Nearly 20 years after its much heralded but ultimately failed single-year run, Vince McMahon of the WWE announced that he’s bringing back the much maligned XPL, or Xtreme Polo League. It was pitched as a more aggressive and exciting polo league, and promised to be much more entertaining and chaotic than the boring old polo produced by the National Polo league (NPL). It’s not yet clear if the new XPL will bring back any of the stuff which set it apart the first time:


• The XPL’s slogan was “No saddles. No helmets. No rules.” Audacious for sure, but actually wildly inaccurate. The XPL did, in fact, have many rules. Among those rules were, in fact, “no saddles” and “no helmets.”
• Instead of the traditional inflated, leather-covered polo ball, the XPL employed a ball made out of steel, and it had a hole in it from which angry killer bees occasionally escaped. (Also, instead of being white or yellow, it had flames painted on it because that’s cool.)
• Counter to the NPL’s strict rules against performance-enhancing substances, the XPL didn’t mind the use of drugs.

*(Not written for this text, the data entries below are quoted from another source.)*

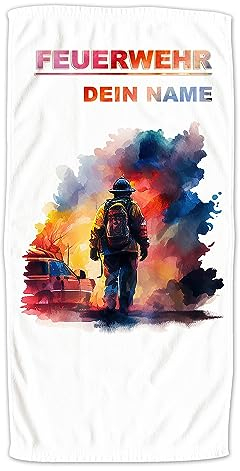 GRAZDesign Badetuch Feuerwehr mit Namen personalisiert | Badehandtuch groß 140x70cm, Kinder & Erwachsene | Handtuch Strandtuch Feuerwehr Geschenke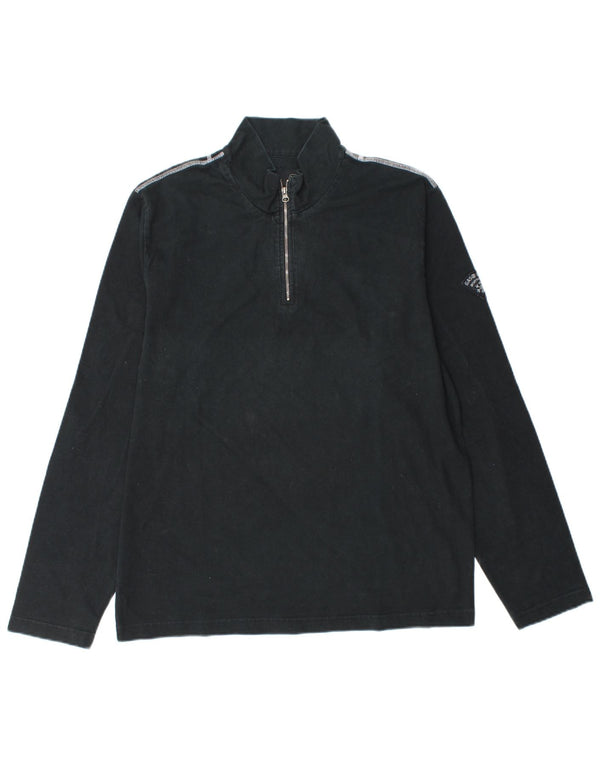 Gas Herre Zip Neck Top Langærmet XL Sort Bomuld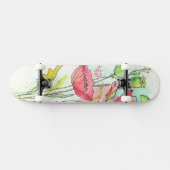 Skateboard Pavots peints d'aquarelle (Horz)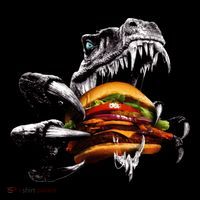 T Rex Eating Burger Mousepad thumb 1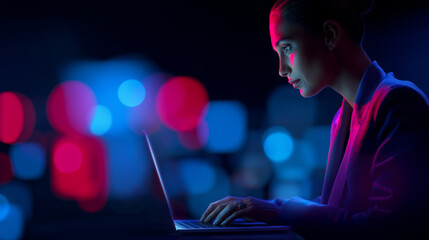 Focused individual works on a laptop surrounded by vibrant blue and red digital ambient lighting.
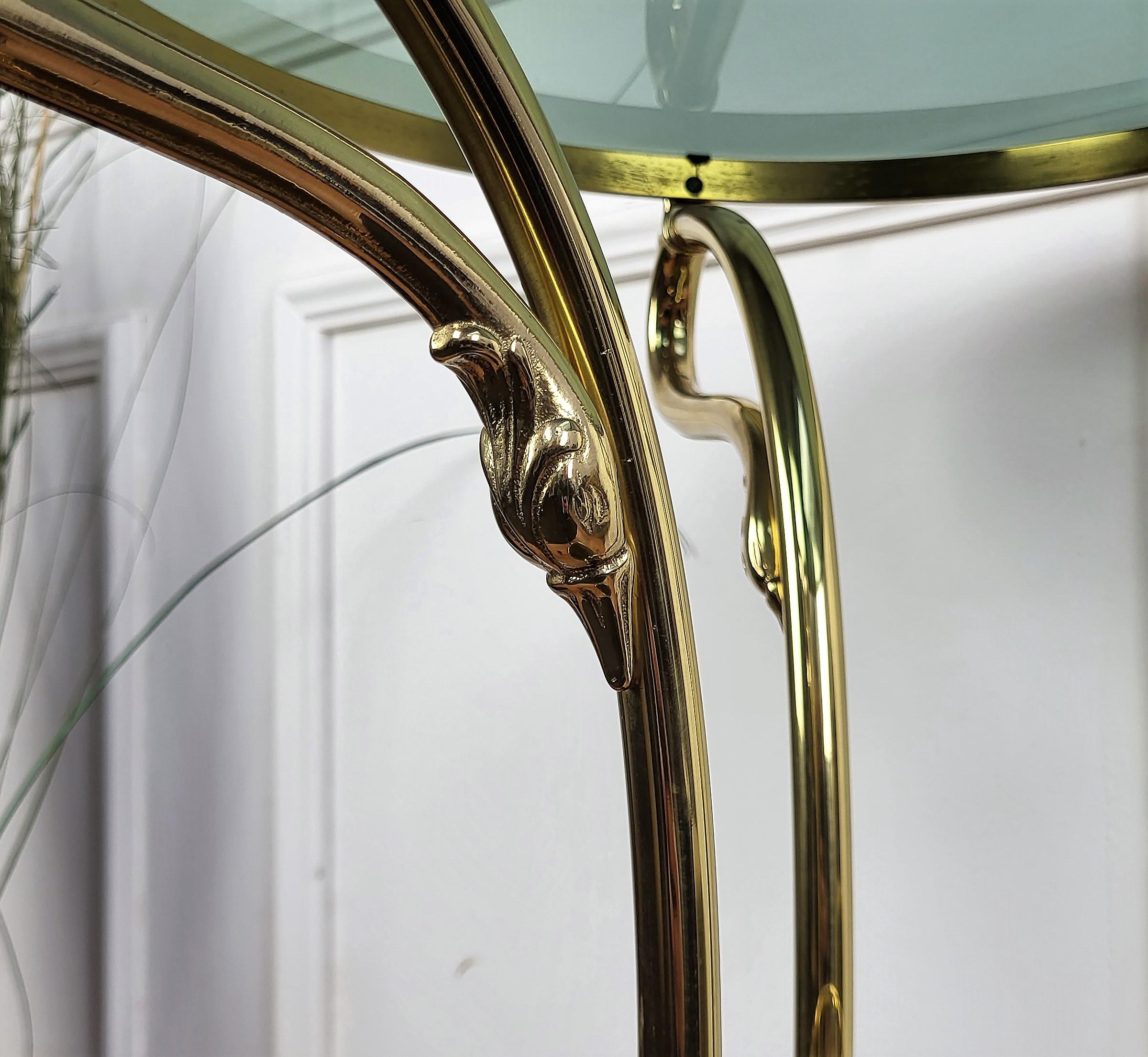 1960s Italian Modern Regency Neoclassical Brass Smoked Glass Gueridon Side Table For Sale 1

It even let teams pull lucky fans out of the stands to inject the horses with powerful stimulants.
• Players were required to hold their polo mallets in their right hands. In their left hands, they were required to carry extra-long nunchaku.
• Instead of using the standard 300-by-160-yard field used in the NPL, the XFL’s field was a tight and difficult to maneuver 40-by-40 yard square, or, as it was called by the league, “The Xquare.”
• Teams were allowed to distract and sabotage the other team by sending “sexy” lady horses in thick makeup and skimpy outfits out onto the field in the middle of games.
• Human riders and horses alike were allowed to print their nicknames on the backs of their jerseys. Many XPL participants opted to do so, from riders like Winthrop “The Ascot” Thorndike and Prescott “The Golden Prince” Breckinridge, to horses such as “Buttercup,” “Patches,” and “Skyfire.”
• Players were required to salute the American flag during the pre-game national anthem. Horses had to bow in deference to the flag.
• “Horsejacking,” or the act of stealing an opposing player’s horse, was banned by the NPL in 1952. It was encouraged by the XPL, which would play a thundering voice intoning “YOU JUST GOT JACKED, JACK” over a stadium’s PA system whenever it happened, which was a lot.
• One of the most exciting—and dangerous, and controversial—elements of an XPL match was how possession was determined. While in the NPL, an official would roll the ball onto the field, and whoever was closed whacked it with a mallet, the XPL had a scramble, or “Xcramble.” The ball was placed at midfield and a player from each team started at the far end of each side of the field and rode toward it at full speed. (There were a lot of horse crashes.)
• Teams represented polo-crazy cities that didn’t yet have NPL teams. Among the league’s biggest draws were the Westchester Maniax, the Newport Xtreme, the East Hampton Tax Dodgerz, and the Greenwich White Collar Criminalz.
• Sports historians say the one thing that ultimately killed the XPL was its notorious “Five Minutes of Madness.” For the last five minutes of regulation play, riders and horses switched places, meaning the horses rode the players. Not one XPL human rider survived their first “FMOM” and the league folded immediately after each team played just one game.